Task details ::
Type out the data exactly as given. Skip any image.

BEGIN Material for the task

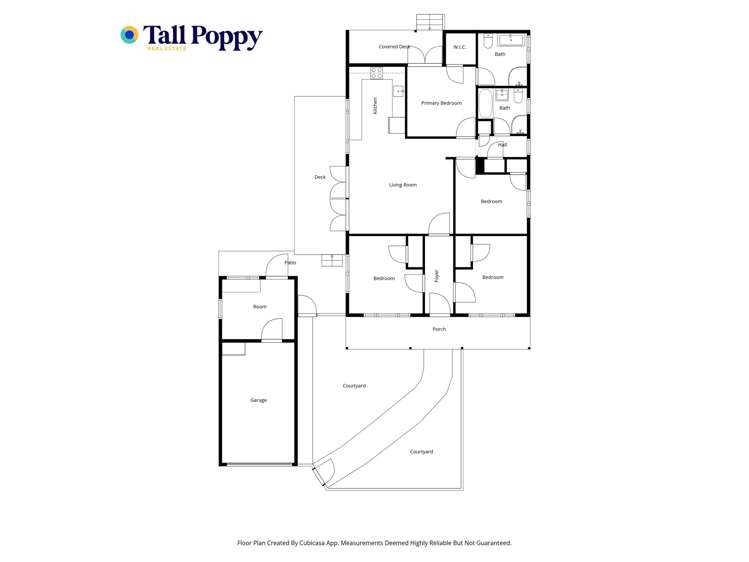 7 Cutfield Street Inglewood_22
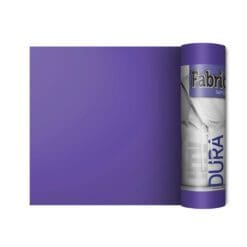 Blue-Violet-Joy-Compatible-Dura-Press-HTV-From-GM-Crafts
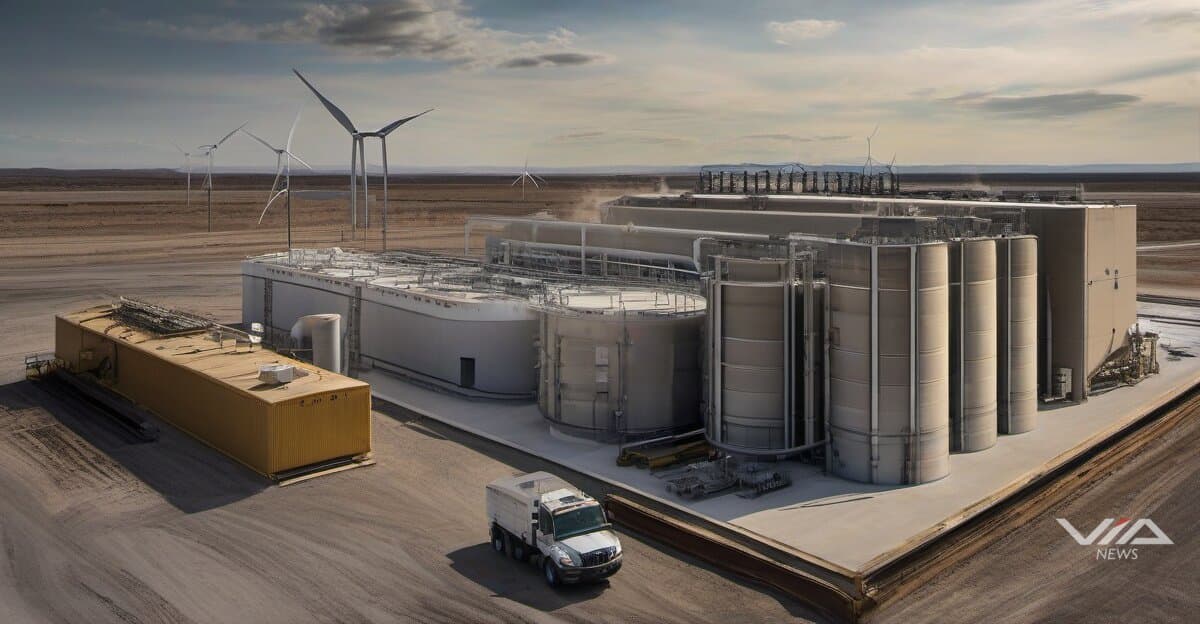 Eaton's $3.5 Billion Boyd Thermal Deal Faces Multi-Jurisdiction Antitrust Review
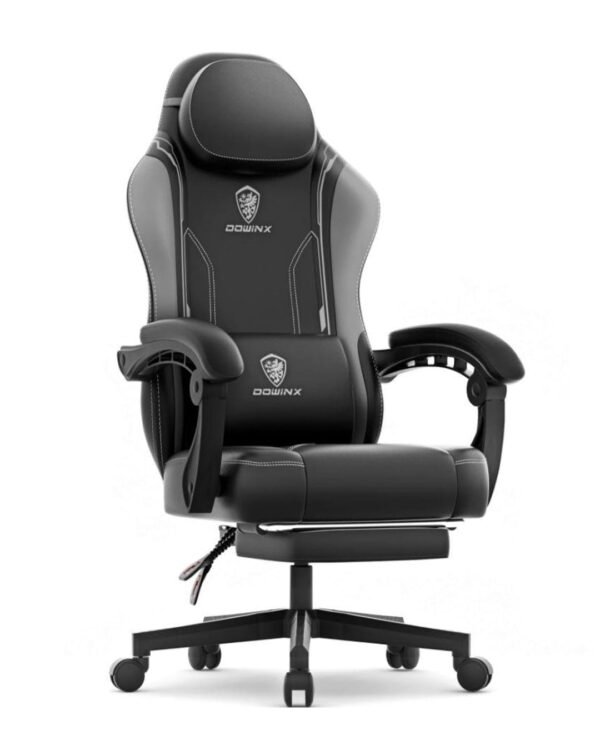 Game One Start...the world of gaming awaits you!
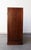 Staircase Furniture in Wood For Sale - Image 3 of 12
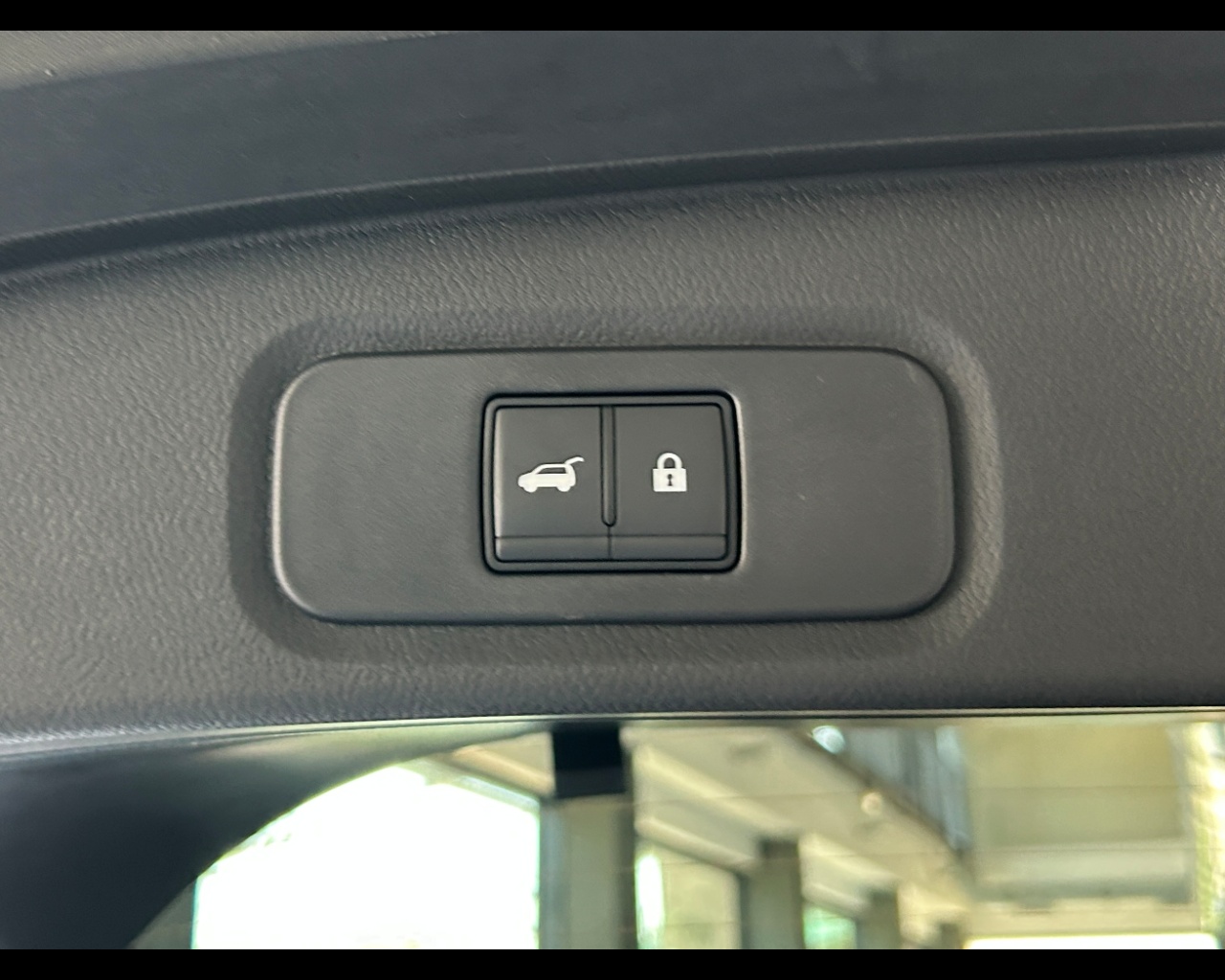 Nissan Qashqai 3ª serie Qashqai MHEV 158 CV Xtronic 4WD Tekna - immagine 15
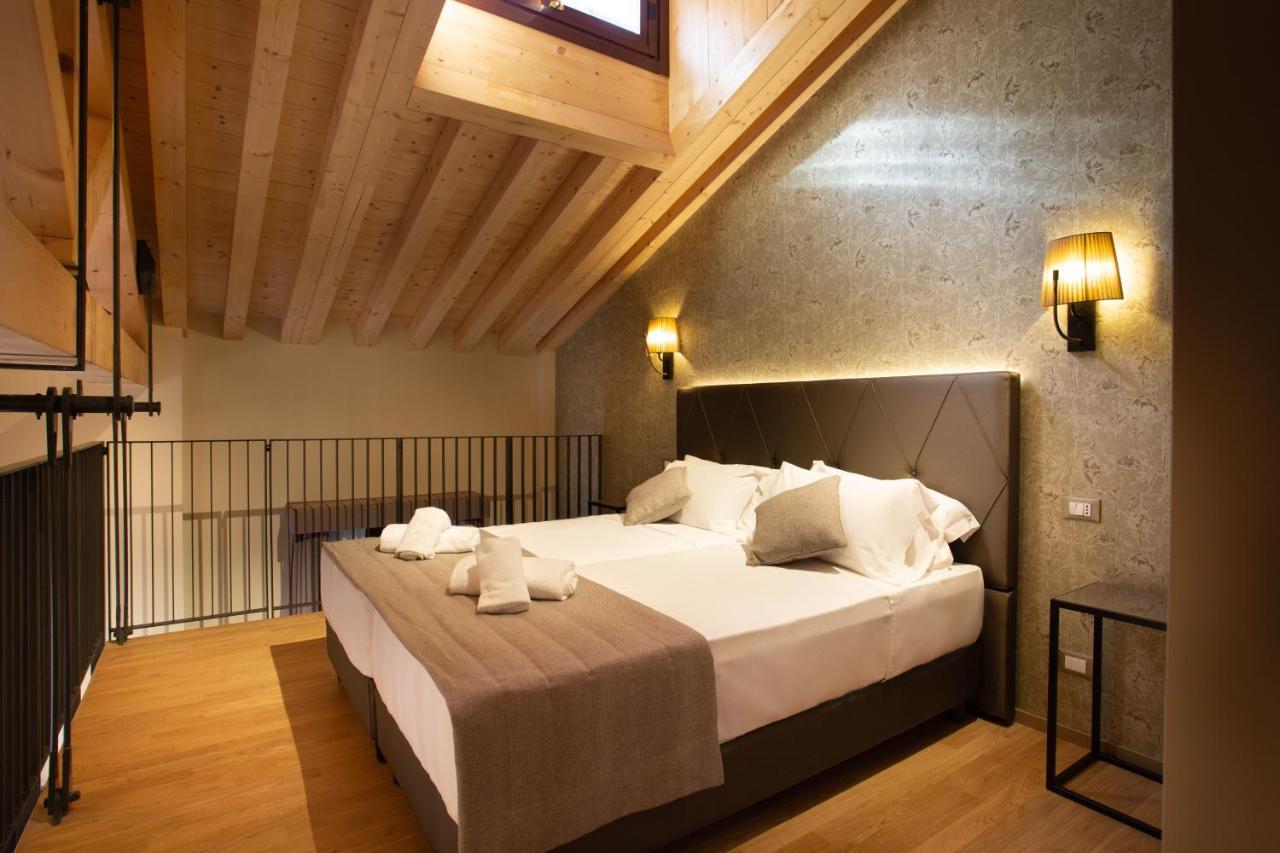 8 Loft * Venice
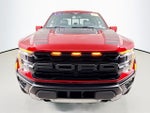 2024 F-150 Thumbnail 6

END Material for the task

Task response ::
 7 Cutfield Street Inglewood_22
 Blue-Violet-Joy-Compatible-Dura-Press-HTV-From-GM-Crafts
 Eaton's $3.5 Billion Boyd Thermal Deal Faces Multi-Jurisdiction Antitrust Review
 Game One Start...the world of gaming awaits you!
 Staircase Furniture in Wood For Sale - Image 3 of 12
 Nissan Qashqai 3ª serie Qashqai MHEV 158 CV Xtronic 4WD Tekna - immagine 15
 8 Loft * Venice
 2024 F-150 Thumbnail 6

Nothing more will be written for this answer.